#### EXTRACTED DATA:
*** Block opens ***

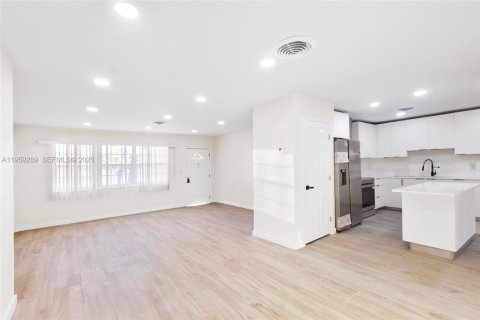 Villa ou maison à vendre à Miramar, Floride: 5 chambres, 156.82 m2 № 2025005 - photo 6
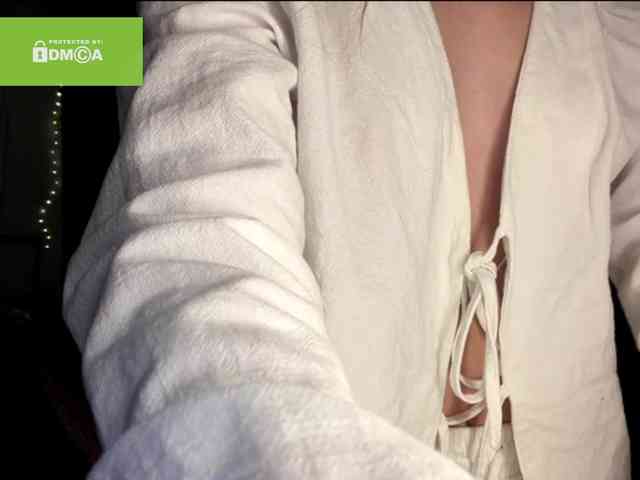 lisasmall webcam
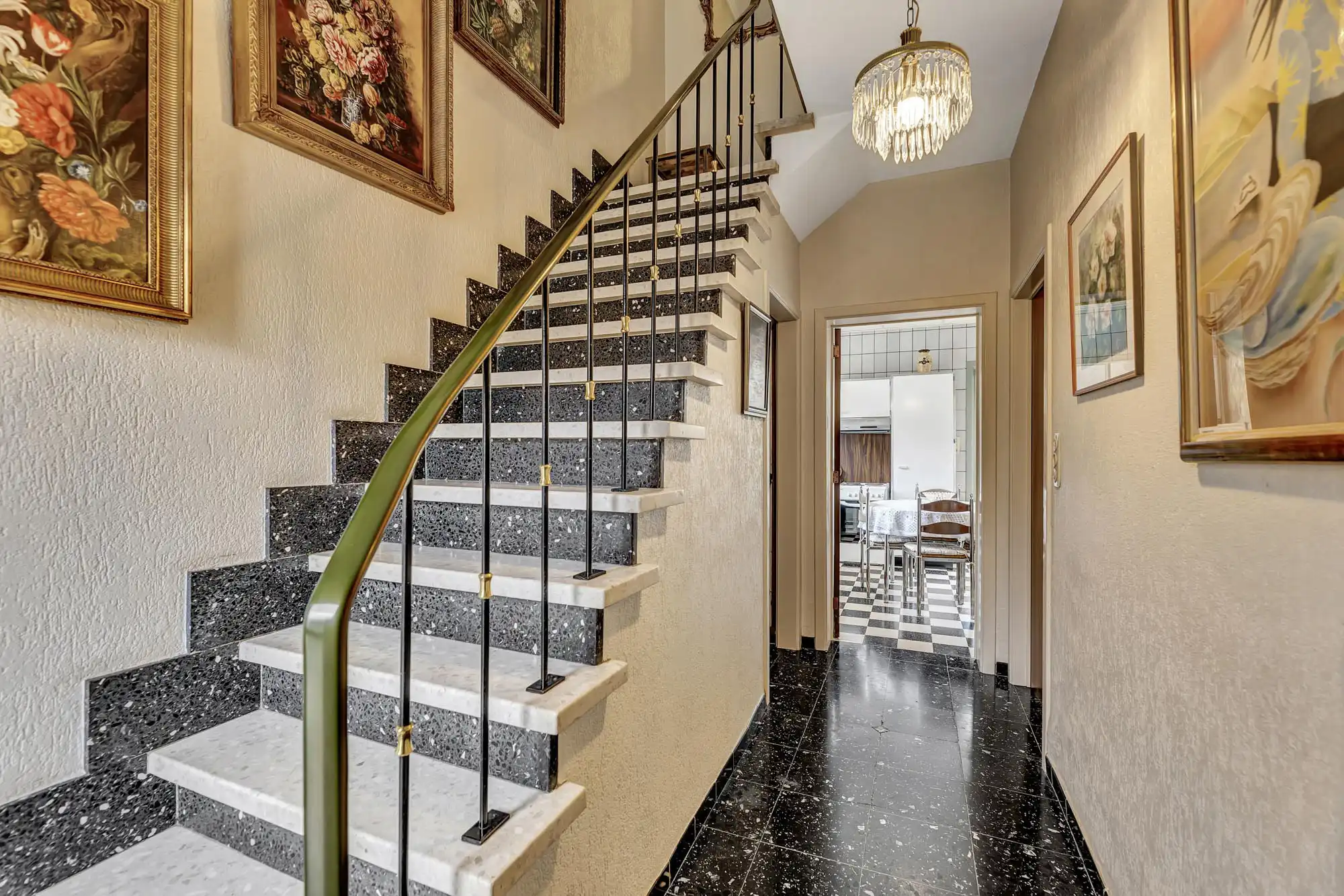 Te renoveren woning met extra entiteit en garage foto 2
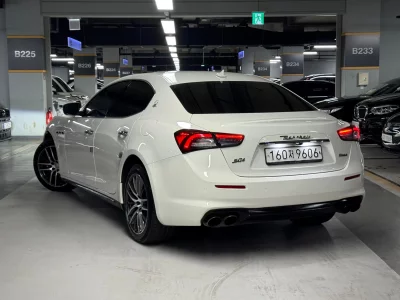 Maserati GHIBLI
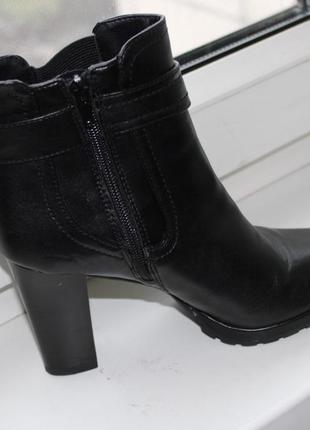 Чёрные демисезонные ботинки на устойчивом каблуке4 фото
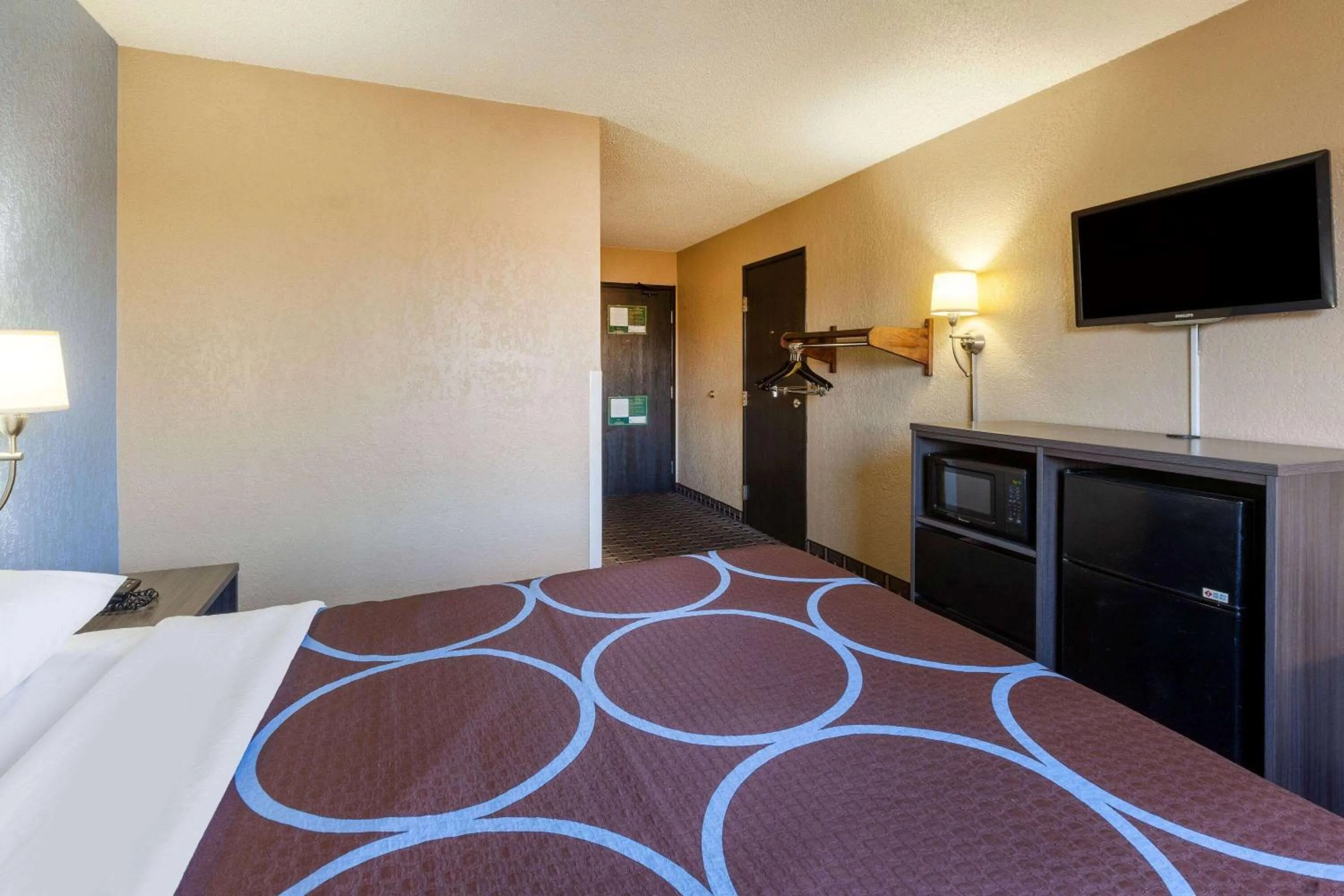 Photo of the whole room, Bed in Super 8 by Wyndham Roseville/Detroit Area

*** Block closes ***
*** Block opens ***

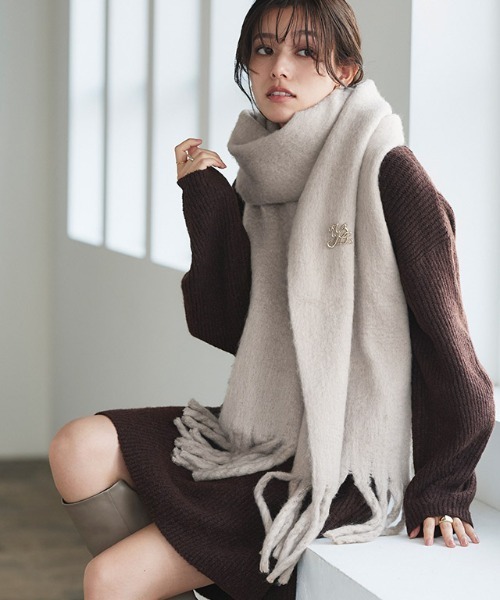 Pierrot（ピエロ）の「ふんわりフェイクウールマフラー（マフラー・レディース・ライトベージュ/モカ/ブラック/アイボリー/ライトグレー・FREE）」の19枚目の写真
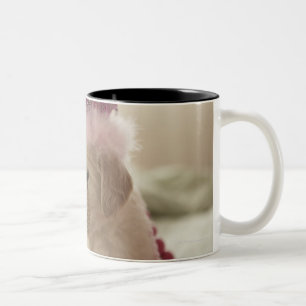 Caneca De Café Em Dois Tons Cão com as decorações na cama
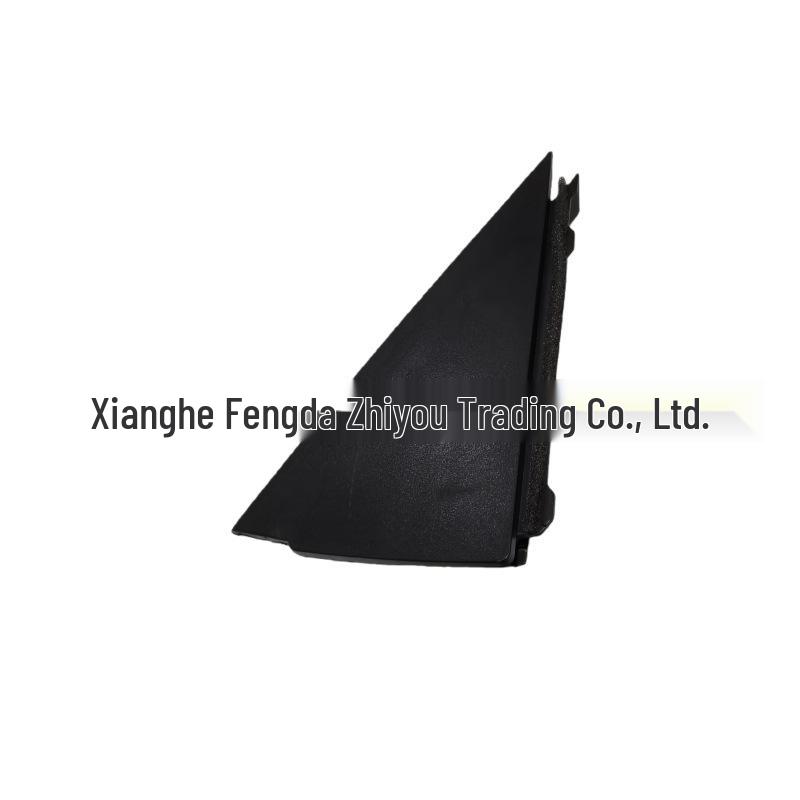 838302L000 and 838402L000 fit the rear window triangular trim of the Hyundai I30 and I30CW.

*** Block closes ***
*** Block opens ***

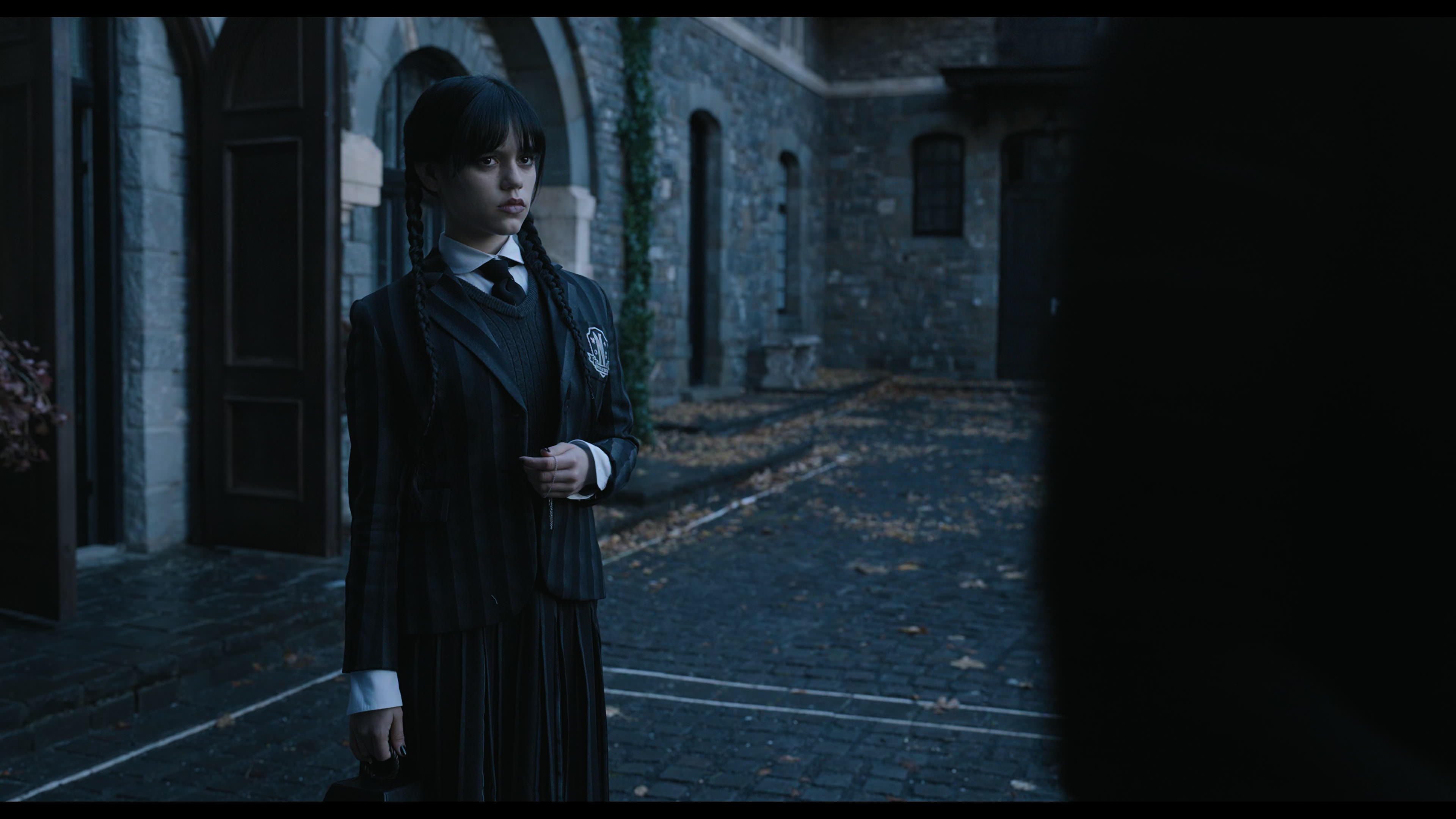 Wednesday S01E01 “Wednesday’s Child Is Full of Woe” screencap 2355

*** Block closes ***

#### PROBLEM DETAILS:
Give back exactly the lines of the listing above from the one that contains "lisasmall webcam" up to and including the one that contains "Photo of the", but not the pictures, and no other lines.

#### COMPLETED TASK:
 lisasmall webcam
 Te renoveren woning met extra entiteit en garage foto 2
 Maserati GHIBLI
 Чёрные демисезонные ботинки на устойчивом каблуке4 фото
 Photo of the whole room, Bed in Super 8 by Wyndham Roseville/Detroit Area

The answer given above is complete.